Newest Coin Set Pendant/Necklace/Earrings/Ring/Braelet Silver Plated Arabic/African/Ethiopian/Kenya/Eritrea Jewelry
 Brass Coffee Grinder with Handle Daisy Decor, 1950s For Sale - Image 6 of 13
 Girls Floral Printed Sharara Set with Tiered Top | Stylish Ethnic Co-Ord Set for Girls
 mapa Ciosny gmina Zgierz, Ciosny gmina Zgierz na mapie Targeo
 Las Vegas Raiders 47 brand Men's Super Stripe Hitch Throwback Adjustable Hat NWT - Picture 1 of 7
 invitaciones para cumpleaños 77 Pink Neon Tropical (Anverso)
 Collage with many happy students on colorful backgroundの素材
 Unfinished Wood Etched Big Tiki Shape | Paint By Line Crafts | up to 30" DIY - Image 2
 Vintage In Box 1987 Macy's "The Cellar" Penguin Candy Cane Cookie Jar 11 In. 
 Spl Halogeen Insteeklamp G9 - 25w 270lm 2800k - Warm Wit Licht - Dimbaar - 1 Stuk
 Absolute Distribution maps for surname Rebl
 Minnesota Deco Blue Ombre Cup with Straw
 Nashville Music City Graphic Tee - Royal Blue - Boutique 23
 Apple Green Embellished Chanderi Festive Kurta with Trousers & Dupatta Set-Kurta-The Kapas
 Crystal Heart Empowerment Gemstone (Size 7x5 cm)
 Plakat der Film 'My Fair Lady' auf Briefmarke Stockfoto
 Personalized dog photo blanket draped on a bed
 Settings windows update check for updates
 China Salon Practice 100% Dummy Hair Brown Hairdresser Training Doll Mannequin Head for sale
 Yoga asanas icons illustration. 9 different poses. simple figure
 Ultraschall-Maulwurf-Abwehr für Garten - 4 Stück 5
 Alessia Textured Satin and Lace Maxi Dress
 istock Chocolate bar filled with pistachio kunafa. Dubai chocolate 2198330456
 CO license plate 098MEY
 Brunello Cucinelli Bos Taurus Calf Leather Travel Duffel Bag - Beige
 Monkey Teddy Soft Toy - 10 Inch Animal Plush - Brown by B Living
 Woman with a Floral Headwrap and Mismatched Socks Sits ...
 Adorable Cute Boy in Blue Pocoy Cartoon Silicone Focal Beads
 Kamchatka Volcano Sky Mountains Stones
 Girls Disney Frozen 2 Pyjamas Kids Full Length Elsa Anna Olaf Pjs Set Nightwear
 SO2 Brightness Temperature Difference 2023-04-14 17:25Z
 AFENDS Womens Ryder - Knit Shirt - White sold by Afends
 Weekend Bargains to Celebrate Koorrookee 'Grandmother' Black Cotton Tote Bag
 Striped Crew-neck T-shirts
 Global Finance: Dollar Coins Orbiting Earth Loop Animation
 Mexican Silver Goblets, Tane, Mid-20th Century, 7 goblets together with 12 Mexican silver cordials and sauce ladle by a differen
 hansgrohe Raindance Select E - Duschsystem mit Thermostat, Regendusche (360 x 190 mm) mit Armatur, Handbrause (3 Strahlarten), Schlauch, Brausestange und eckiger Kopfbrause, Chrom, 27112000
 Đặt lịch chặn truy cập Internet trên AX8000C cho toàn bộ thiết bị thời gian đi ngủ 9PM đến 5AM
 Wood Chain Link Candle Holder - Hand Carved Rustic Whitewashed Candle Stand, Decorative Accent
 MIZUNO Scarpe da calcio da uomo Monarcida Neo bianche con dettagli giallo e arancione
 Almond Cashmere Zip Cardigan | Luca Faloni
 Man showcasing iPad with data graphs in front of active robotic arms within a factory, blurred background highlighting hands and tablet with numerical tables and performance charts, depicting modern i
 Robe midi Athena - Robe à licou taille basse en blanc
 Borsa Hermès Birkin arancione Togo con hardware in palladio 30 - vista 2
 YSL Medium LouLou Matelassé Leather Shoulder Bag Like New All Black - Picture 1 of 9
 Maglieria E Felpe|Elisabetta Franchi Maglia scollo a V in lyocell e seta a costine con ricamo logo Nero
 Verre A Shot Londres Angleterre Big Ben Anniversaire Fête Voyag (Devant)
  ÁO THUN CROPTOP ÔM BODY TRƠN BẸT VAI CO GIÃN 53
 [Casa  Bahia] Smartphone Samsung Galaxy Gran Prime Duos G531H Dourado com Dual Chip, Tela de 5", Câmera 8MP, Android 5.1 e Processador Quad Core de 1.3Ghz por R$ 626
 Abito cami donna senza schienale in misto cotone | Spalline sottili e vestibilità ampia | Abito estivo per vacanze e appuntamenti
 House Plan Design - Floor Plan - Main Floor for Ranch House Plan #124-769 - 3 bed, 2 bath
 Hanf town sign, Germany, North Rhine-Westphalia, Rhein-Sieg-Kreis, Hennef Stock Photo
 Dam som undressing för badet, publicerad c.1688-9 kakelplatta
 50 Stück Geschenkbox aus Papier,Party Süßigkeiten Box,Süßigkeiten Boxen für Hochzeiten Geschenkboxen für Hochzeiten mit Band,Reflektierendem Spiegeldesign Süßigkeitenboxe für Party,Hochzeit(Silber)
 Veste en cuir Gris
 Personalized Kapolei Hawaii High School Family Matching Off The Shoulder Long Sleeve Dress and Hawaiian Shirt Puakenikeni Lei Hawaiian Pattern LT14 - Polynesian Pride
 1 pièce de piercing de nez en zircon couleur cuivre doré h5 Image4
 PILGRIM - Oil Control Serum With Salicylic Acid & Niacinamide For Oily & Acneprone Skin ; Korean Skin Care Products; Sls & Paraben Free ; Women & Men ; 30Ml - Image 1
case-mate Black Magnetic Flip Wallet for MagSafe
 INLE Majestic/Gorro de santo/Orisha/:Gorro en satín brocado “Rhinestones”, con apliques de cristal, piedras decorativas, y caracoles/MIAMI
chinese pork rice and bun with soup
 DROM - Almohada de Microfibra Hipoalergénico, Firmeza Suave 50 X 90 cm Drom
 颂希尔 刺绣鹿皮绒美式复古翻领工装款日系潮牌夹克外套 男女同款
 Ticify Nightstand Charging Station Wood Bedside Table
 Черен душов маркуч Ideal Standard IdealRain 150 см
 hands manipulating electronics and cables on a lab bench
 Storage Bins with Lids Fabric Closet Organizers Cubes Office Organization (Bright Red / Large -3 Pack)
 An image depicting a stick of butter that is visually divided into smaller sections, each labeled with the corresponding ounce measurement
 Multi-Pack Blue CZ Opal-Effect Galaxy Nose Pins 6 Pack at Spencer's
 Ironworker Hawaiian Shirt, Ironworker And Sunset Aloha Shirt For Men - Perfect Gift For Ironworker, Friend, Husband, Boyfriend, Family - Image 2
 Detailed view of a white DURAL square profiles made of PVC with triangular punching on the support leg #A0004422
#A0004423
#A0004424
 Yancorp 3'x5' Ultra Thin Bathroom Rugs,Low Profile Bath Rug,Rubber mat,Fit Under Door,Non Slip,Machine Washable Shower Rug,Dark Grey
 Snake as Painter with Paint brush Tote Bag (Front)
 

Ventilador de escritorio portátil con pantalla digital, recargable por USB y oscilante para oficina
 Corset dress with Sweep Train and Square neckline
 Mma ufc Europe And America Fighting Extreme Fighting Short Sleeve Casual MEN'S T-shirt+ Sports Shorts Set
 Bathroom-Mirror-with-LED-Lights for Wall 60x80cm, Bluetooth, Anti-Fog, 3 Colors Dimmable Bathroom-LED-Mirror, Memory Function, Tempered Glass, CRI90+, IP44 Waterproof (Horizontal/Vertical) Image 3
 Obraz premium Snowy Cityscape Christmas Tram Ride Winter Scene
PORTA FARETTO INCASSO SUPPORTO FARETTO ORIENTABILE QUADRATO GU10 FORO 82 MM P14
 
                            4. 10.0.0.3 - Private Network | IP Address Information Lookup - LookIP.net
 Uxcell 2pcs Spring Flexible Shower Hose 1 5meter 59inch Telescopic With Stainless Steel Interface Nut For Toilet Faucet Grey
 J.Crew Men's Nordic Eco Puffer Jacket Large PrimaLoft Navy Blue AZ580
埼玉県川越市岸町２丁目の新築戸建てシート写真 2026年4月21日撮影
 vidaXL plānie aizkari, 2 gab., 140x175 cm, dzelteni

Problem requirements:
In the listing above, transcribe exactly everything from the line containing "Dam som undressing" down to the line containing "50 Stück Geschenkbox", including both and nothing more.

Answer area:
 Dam som undressing för badet, publicerad c.1688-9 kakelplatta
 50 Stück Geschenkbox aus Papier,Party Süßigkeiten Box,Süßigkeiten Boxen für Hochzeiten Geschenkboxen für Hochzeiten mit Band,Reflektierendem Spiegeldesign Süßigkeitenboxe für Party,Hochzeit(Silber)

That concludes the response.